DATASET RECORDS
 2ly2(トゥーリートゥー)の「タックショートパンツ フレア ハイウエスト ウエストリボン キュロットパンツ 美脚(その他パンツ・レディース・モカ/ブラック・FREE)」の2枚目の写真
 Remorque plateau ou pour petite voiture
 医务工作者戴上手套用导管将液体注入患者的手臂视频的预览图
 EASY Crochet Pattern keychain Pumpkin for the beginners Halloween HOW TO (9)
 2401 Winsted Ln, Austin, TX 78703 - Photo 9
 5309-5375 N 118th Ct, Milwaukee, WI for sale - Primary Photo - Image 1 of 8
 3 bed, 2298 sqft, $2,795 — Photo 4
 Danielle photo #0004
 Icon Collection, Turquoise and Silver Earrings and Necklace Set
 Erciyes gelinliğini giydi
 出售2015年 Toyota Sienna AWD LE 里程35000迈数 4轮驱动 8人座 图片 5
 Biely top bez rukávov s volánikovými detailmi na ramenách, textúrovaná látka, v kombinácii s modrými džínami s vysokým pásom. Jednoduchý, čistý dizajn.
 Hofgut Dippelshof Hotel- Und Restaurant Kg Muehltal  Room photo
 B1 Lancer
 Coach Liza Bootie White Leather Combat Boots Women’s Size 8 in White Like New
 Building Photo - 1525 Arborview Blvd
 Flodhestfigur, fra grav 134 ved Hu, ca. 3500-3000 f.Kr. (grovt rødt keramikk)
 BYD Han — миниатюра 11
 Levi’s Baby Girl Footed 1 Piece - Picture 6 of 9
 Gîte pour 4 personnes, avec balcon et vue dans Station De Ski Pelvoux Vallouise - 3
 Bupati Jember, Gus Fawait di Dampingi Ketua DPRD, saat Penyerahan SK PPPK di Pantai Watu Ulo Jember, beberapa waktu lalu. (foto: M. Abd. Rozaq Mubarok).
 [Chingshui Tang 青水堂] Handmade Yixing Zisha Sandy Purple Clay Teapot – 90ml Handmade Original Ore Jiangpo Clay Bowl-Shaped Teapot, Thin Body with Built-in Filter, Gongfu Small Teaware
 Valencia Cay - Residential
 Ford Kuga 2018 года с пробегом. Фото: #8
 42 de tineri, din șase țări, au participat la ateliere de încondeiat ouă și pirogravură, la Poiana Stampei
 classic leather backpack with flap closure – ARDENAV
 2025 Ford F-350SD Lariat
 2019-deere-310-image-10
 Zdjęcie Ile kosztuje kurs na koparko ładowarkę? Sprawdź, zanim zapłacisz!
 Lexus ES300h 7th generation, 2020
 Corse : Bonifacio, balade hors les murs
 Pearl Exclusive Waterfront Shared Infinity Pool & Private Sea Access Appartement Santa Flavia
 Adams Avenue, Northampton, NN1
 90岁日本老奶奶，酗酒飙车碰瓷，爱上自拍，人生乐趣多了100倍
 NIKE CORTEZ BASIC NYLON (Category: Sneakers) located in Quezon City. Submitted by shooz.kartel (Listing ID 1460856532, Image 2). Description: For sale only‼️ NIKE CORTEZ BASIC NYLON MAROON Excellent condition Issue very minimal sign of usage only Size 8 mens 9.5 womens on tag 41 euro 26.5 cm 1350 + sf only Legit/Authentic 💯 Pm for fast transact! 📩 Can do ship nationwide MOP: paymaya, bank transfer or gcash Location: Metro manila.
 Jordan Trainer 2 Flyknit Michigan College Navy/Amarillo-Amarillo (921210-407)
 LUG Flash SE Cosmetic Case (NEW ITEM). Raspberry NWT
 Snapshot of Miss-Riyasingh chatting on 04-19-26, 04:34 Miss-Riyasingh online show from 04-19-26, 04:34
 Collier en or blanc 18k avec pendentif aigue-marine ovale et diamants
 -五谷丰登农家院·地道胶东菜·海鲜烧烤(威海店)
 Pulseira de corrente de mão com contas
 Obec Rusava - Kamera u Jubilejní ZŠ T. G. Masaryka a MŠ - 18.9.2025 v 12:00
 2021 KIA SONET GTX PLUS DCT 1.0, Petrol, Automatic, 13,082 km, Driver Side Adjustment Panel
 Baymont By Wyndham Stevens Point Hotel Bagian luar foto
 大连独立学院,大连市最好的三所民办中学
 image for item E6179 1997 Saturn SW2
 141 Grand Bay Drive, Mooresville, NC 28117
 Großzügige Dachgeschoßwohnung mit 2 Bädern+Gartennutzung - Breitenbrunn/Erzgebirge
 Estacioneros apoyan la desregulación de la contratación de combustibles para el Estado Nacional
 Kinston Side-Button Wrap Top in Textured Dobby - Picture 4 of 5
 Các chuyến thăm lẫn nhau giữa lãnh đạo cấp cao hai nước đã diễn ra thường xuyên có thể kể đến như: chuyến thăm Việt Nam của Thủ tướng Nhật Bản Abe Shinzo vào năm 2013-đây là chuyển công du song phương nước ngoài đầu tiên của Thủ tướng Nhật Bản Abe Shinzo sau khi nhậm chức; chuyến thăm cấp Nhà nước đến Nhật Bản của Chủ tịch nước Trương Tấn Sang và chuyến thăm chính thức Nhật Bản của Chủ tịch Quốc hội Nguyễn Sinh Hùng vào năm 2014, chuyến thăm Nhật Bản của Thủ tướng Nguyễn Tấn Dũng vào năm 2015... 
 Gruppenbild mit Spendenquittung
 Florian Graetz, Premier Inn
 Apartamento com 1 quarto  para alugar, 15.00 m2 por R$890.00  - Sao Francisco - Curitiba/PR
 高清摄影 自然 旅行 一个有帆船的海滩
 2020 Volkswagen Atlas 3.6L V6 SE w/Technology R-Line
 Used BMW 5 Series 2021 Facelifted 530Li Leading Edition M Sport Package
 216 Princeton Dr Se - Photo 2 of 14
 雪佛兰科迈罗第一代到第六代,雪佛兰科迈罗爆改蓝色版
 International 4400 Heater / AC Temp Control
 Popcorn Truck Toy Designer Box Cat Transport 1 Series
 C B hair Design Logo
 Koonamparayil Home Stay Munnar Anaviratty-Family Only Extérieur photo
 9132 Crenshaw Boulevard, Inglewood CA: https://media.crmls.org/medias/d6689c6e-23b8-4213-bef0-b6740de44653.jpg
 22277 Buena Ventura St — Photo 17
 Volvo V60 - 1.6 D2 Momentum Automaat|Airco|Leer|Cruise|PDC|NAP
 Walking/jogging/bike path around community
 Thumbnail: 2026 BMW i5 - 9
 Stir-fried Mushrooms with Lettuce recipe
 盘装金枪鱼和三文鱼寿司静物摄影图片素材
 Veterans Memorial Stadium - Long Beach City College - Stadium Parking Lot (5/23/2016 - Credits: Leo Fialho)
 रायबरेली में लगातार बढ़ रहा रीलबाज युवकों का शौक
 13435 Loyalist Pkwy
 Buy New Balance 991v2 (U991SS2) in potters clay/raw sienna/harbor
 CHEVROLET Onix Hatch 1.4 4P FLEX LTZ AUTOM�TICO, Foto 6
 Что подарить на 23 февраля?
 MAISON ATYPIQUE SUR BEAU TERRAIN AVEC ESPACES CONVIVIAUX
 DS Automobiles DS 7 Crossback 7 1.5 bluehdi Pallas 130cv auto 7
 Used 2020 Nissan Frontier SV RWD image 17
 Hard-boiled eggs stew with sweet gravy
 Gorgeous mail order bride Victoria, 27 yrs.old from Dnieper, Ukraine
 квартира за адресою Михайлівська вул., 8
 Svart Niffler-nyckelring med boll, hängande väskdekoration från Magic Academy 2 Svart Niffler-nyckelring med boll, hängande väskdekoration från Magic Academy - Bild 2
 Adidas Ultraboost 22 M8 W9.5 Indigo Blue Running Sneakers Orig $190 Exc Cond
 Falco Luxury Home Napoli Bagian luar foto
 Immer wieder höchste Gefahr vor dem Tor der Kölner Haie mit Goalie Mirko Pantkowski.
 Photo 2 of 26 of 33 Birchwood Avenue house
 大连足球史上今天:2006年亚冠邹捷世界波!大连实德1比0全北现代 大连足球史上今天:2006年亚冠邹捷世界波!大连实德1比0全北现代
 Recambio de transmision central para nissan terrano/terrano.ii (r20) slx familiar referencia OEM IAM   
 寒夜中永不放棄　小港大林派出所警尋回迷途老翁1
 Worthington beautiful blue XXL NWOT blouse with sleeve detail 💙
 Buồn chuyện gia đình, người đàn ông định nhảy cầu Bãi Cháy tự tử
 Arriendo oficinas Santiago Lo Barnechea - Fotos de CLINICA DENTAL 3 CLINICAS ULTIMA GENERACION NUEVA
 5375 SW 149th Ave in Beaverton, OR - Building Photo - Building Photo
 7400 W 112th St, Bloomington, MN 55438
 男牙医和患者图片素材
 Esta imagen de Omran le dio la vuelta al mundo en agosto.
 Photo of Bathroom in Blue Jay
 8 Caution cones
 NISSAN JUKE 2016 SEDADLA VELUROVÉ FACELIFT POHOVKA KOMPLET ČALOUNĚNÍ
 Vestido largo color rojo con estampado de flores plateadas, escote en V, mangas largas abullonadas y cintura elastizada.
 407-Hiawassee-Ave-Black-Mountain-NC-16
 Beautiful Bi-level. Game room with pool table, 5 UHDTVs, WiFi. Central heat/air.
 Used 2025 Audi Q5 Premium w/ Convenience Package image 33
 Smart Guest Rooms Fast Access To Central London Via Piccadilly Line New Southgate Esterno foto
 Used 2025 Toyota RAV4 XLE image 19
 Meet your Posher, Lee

WHAT IS BEING ASKED
Copy out each line of the data that includes the string "sale".

SOLUTION TO THIS TASK
 5309-5375 N 118th Ct, Milwaukee, WI for sale - Primary Photo - Image 1 of 8
 NIKE CORTEZ BASIC NYLON (Category: Sneakers) located in Quezon City. Submitted by shooz.kartel (Listing ID 1460856532, Image 2). Description: For sale only‼️ NIKE CORTEZ BASIC NYLON MAROON Excellent condition Issue very minimal sign of usage only Size 8 mens 9.5 womens on tag 41 euro 26.5 cm 1350 + sf only Legit/Authentic 💯 Pm for fast transact! 📩 Can do ship nationwide MOP: paymaya, bank transfer or gcash Location: Metro manila.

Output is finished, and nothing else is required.